# Assigned task
Your copy begins at the line with "Karlheinz Stockhausen, Gesang" and runs through the end of the data below. Set down only those lines exactly, without pictures.

# Given information
- - - - -

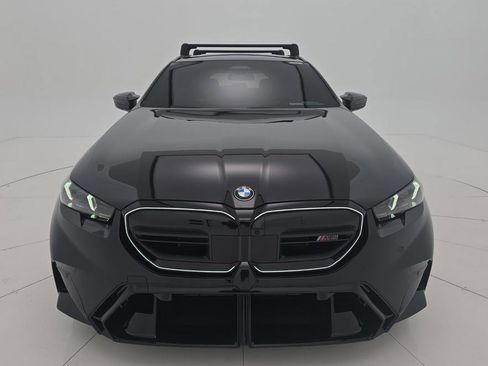 Used 2025 BMW M5 Touring w/ M Driver's Package image 2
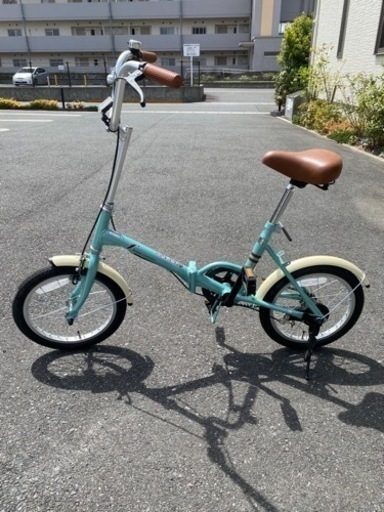 値下げしました。ほぼ新品未使用　16インチ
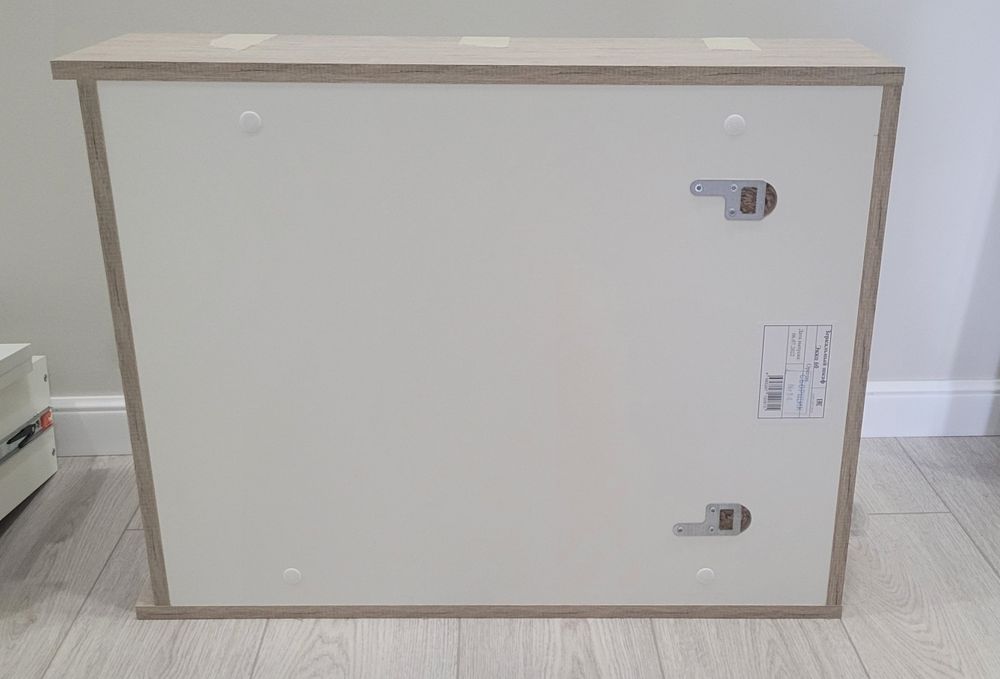 Продам новый подвесной шкаф с зеркалом и двумя полками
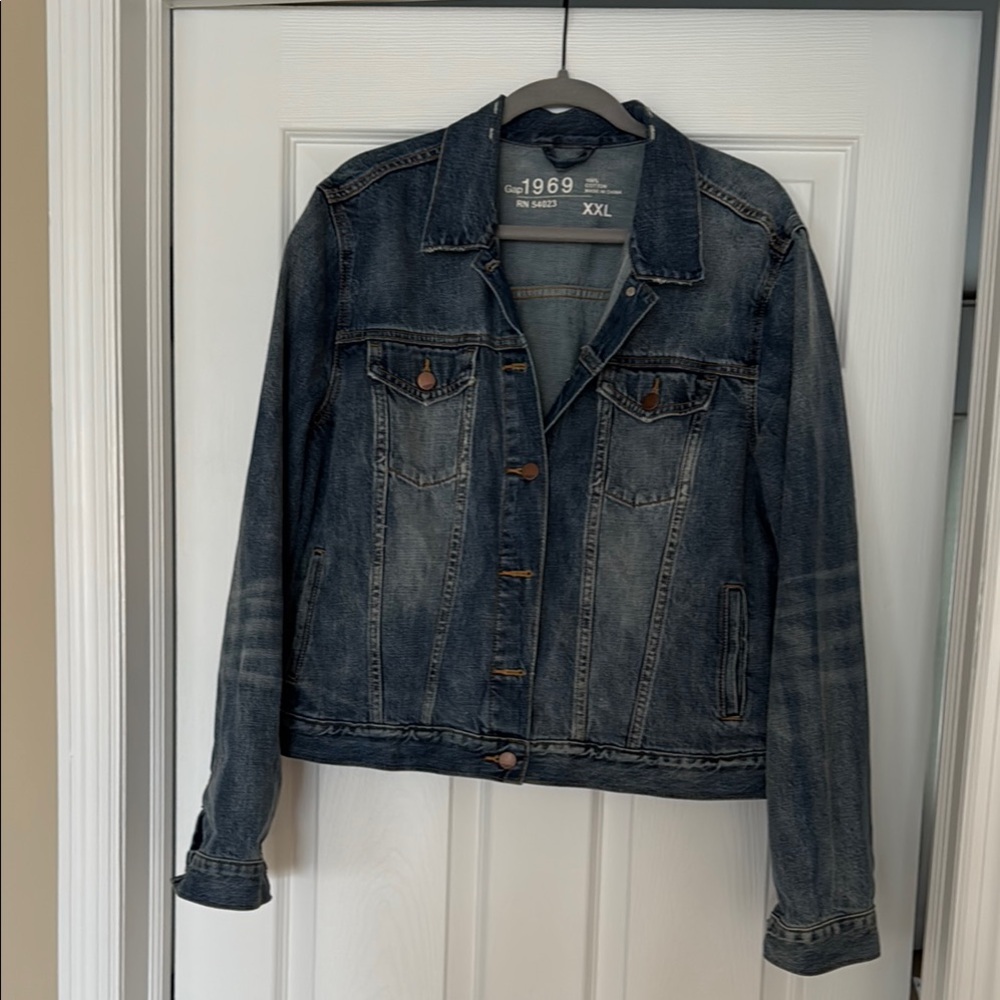 Denim Jacket by Gap in Blue Womens XXL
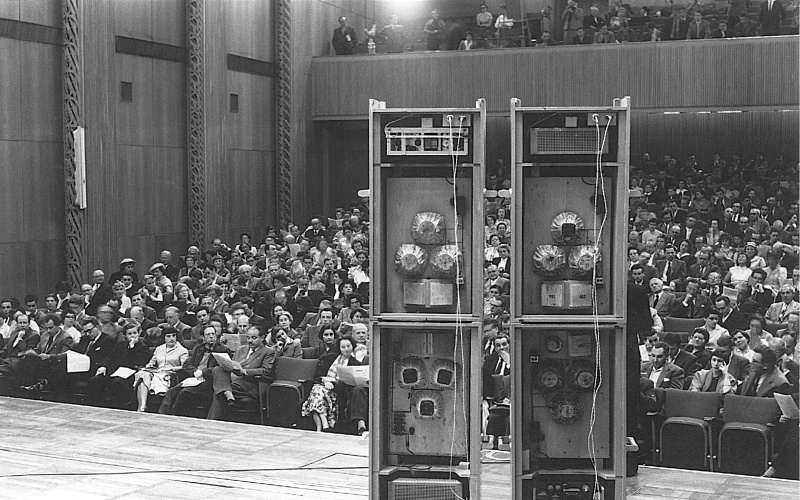 Karlheinz Stockhausen, Gesang der Jünglinge, Uraufführung am 30. Mai 1956 (Großer Sendesaal des WDR Köln) 
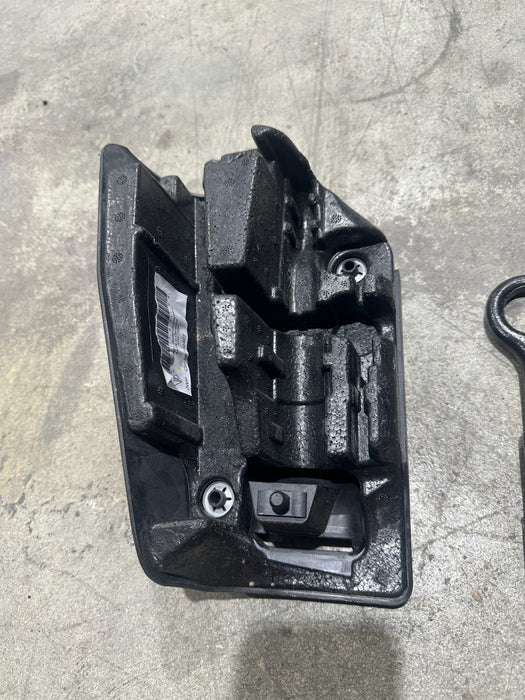 2014 PORSCHE 911 TURBO S SPARE TIRE TOOL KIT W CENTER WHEEL SOCKET OEM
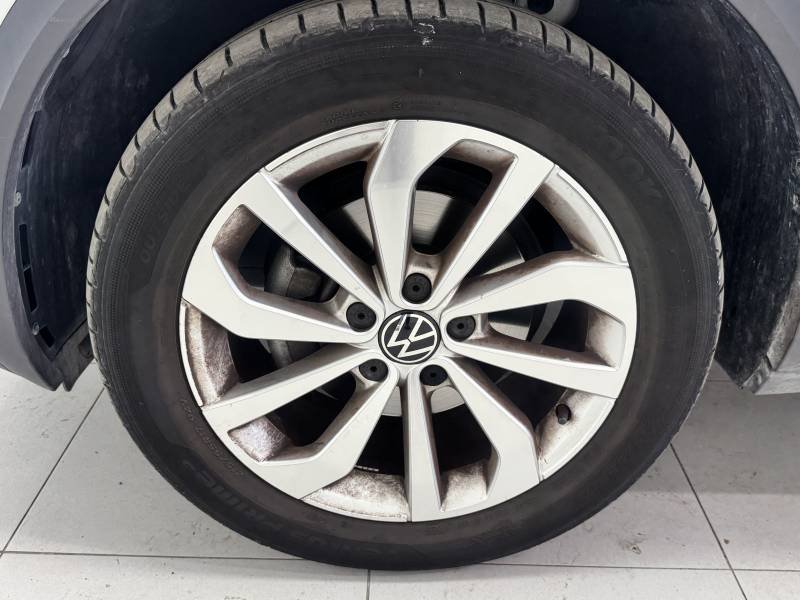 Volkswagen T-Roc - Photo 23
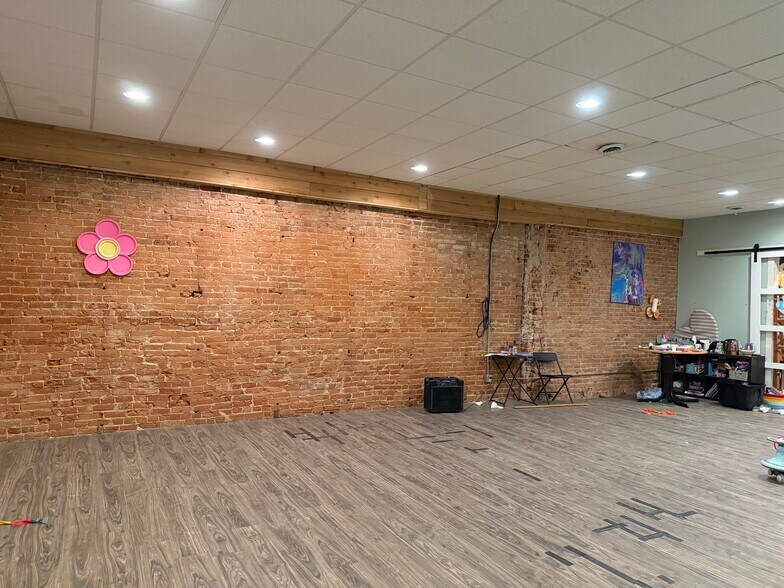 More Photos Of 116 N Bridge St, Chippewa Falls General Retail For Lease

- - - - -

# Reply to the exercise
 Karlheinz Stockhausen, Gesang der Jünglinge, Uraufführung am 30. Mai 1956 (Großer Sendesaal des WDR Köln) 
 2014 PORSCHE 911 TURBO S SPARE TIRE TOOL KIT W CENTER WHEEL SOCKET OEM
 Volkswagen T-Roc - Photo 23
 More Photos Of 116 N Bridge St, Chippewa Falls General Retail For Lease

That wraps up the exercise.